Potentials and Risks of Psychopharmaceutical Enhancement

“Neuroenhancement” refers to the improvement of cognitive performance and emotional well-being beyond what is considered “normal” or “natural” in healthy individuals. Especially the consumption of psychopharmaceutical prescription drugs by healthy people seeking to enhance their memory, attention or mood gives rise to heated debate. Certain antidepressants are said to help people without any mood disorder to feel “better than well”, and stimulant drugs used therapeutically in attention-deficit/hyperactivity disorder seem to gain popularity among students who try to achieve a competitive edge in exams.
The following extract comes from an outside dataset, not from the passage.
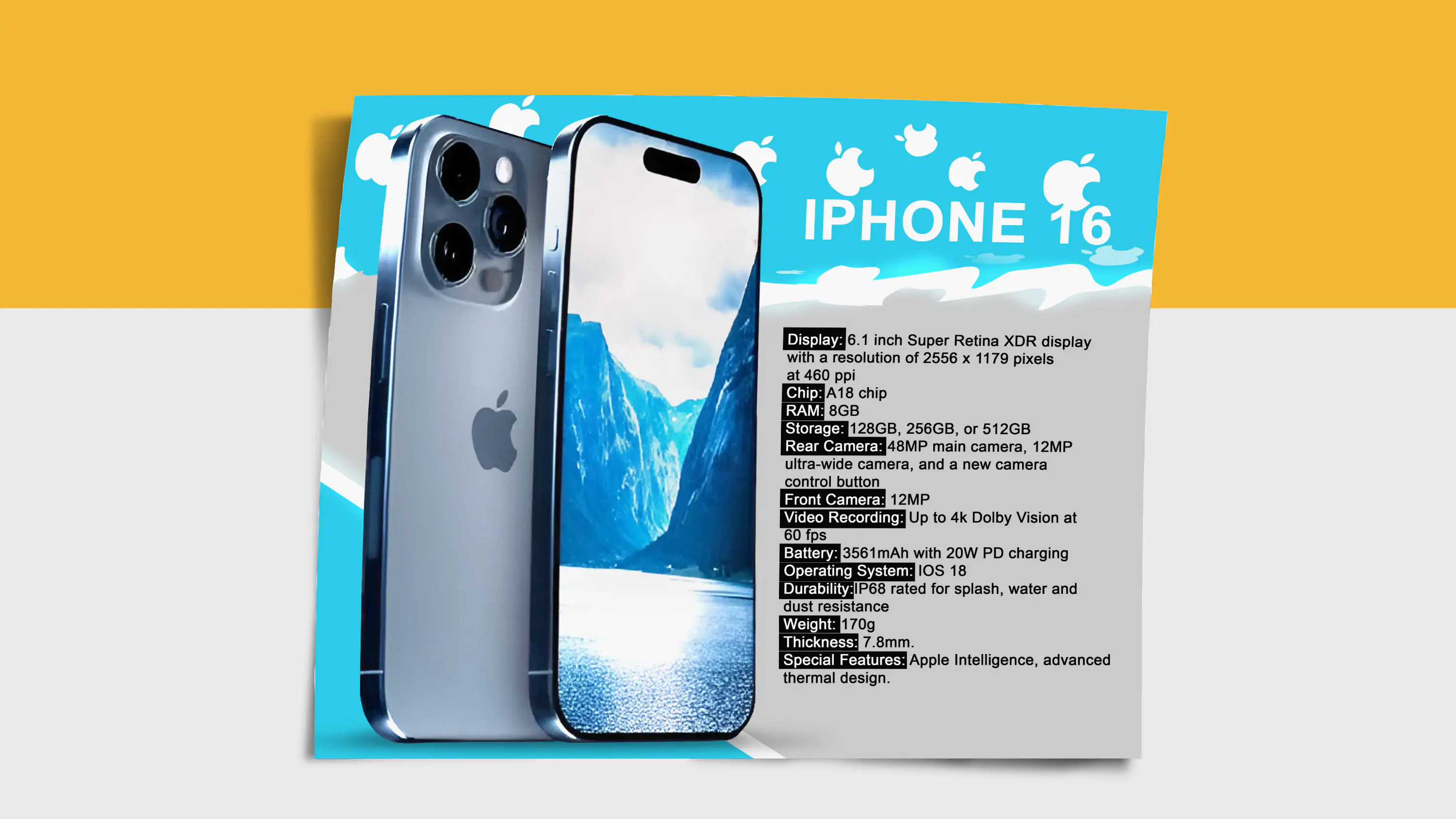 Free iPhone 16 Flyer with Specifications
This emerging trend toward non-therapeutic use of psychopharmaceutical drugs has been explored by an interdisciplinary project group. Its members deliberately decided to make their research results accessible to the wider public by publishing a memorandum on the possible benefits and risks of neuroenhancement in the popular scientific magazine Gehirn&Geist. According to the authors, currently the best reason not to use prescription drugs like Ritalin or Prozac for enhancement purposes is the lack of evidence both for their effectiveness and their long-term safety in healthy people. This has been established by the medical experts of the working group in a systematic review of the research literature. Provided, however, safe and effective neuroenhancement drugs were to become available in the future, there would be no sufficient reason to prohibit their usage. Adequate regulation is nevertheless required in order to counteract undesirable social consequences, like for instance an exacerbation of inequality, which may conceivably result from the widespread consumption of such drugs. In sum, the expert group pleads for a liberal but by no means uncritical attitude towards the evolving possibilities of pharmaceutical neuroenhancement.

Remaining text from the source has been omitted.